Tuesday, September 01, 2009

Zondervan Announces Revision of NIV

The good ol' NIV will be revised in an announcement according to Zondervan. The updated NIV will be available in 2011.

5 comments:

Ros said...

Well, I guess Zondervan have to keep their profits up somehow.

Matt Viney said...

I actually quite liked the TNIV. Alot of the American critics reacted so harshly (and dare I say, irrationally) to the TNIV - claiming it to be a cultural sell-out. I don't that's a fair criticism, especially when many of these critics are pushing the ESV, which is full of archaic idiom and clunky phrasing which makes it harder to read and understand - especially when you live in a post-Christian secularised society. Don't get me wrong, I like the ESV, but we need a bible translation that communicates the MEANING of the text clearly. There are many places in the ESV where I need to translate the translation before I can explain it to someone! Striking the balance between formal and dynamic equivalence is very hard to do, but I think the TNIV got it more right than wrong. Whatever they do with the latest update of NIV, I hope they check with Focus on Family before they print it. It could save another big "product recall".

pennoyer said...

It's not so much about profits perhaps, but the fact that the roll-out of the previous revision (what became the TNIV) was so botched that it requires what sounds like a "do-over". It's too bad because I thought the TNIV was a good translation overall. (I guess the past tense is appropriate now.)

Ray

EricW said...

Well, for one, I hope they change the text of 1 Cor 7:1 to be in line with the TNIV and the NIV footnote! :^D

DeeCee said...

I actually really liked the TNIV and even in some ways what it represented -- the vehement opposition to it from conservative evangelicals (especially the PCA and SBC) and the fact that mainline liberals would never use it either probably indicates that the Committee really got some things right!

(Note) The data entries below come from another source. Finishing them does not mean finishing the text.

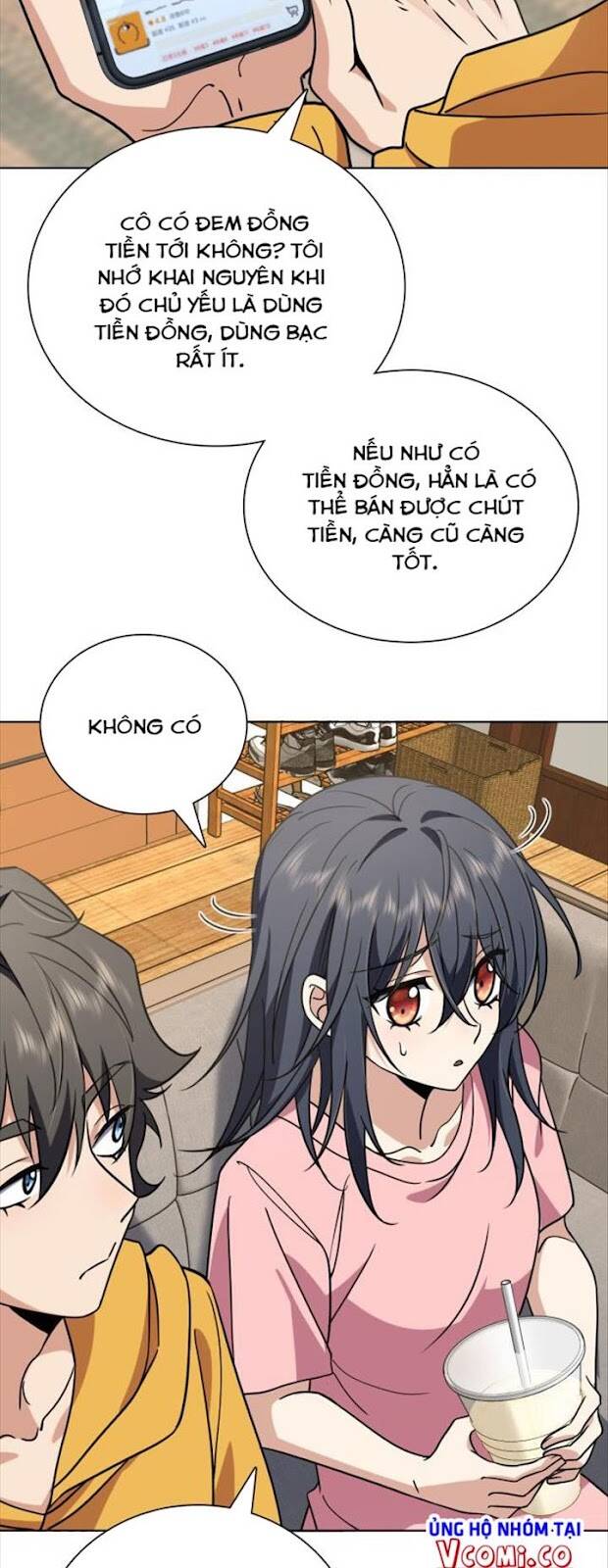 Bà Xã Nhà Tôi Đến Từ Ngàn Năm Trước Chap 38 - Next Chap 39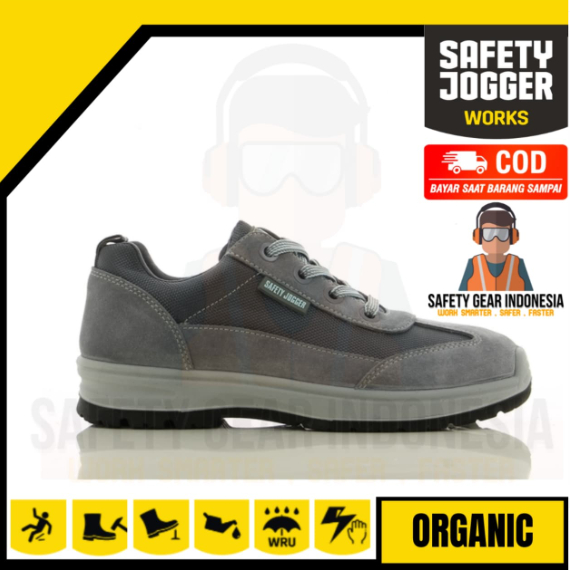 SEPATU SAFETY JOGGER ORGANIC S1P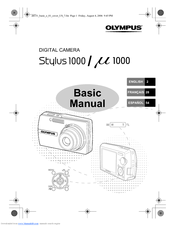Olympus m 1000 Basic Manual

NOW the Committee is in a culturally captive bind. If they try too hard to make it conservative and complementarian compatible will they really be able to maintain their scholastic integrity and will it even be an improvement over the original NIV? On the flip side, if they don't capitulate to the demands of the conservatives -- the NIV will become what the TNIV now is, a niche translation used mostly by egalitarian evangelicals. I'm sure promoters of the ESV are licking their chops.